→ **What is expected**
What you return should be only the lines in the entries below between the one holding "Obraz premium Red, White, and" and the one holding "Metal Swing Planter – Twin Pot Hanging Frame", ends included, with every picture left out.

→ **Input data**
☆ ☆ ☆ ☆ ☆ ☆ ☆

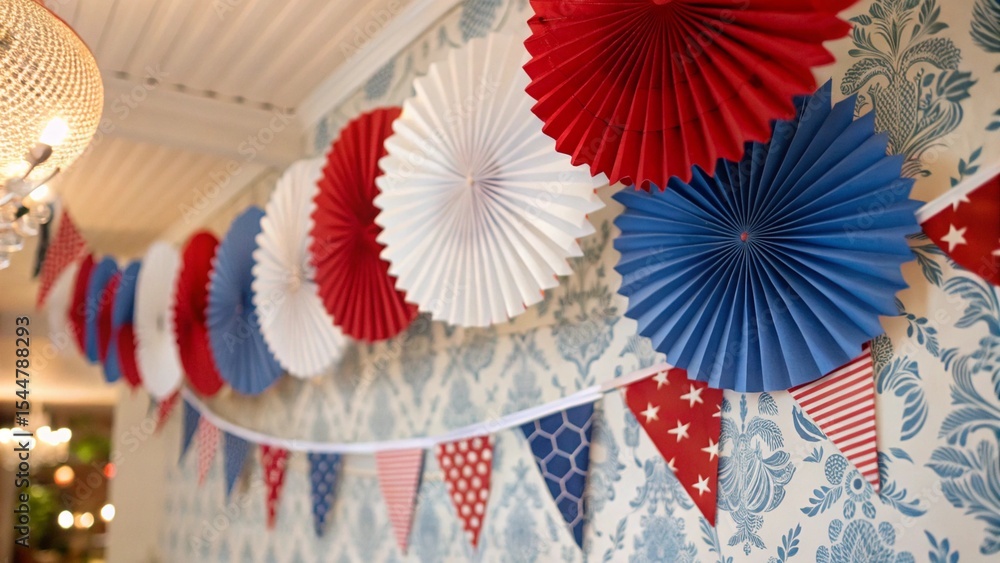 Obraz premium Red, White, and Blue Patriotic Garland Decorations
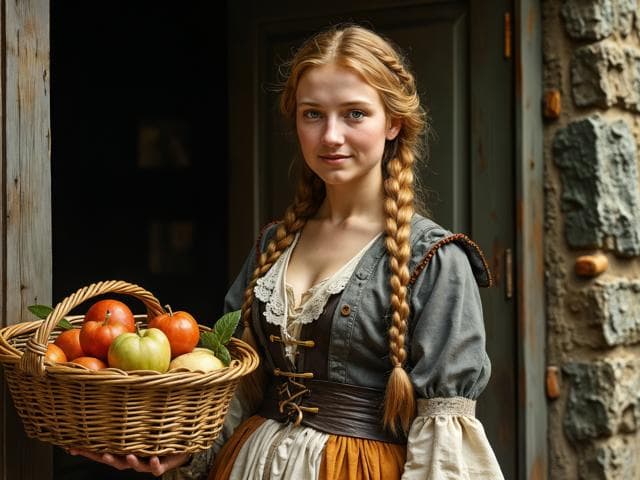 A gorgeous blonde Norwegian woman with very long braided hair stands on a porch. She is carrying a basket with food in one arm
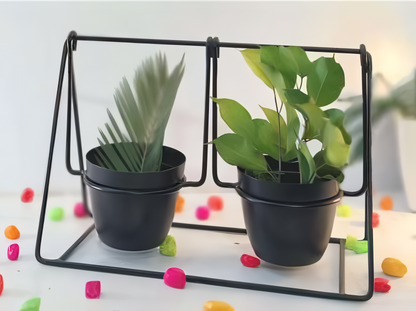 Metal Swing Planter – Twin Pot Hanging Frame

☆ ☆ ☆ ☆ ☆ ☆ ☆

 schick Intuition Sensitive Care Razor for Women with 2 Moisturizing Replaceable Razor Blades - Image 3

☆ ☆ ☆ ☆ ☆ ☆ ☆

→ **Written solution**
 Obraz premium Red, White, and Blue Patriotic Garland Decorations
 A gorgeous blonde Norwegian woman with very long braided hair stands on a porch. She is carrying a basket with food in one arm
 Metal Swing Planter – Twin Pot Hanging Frame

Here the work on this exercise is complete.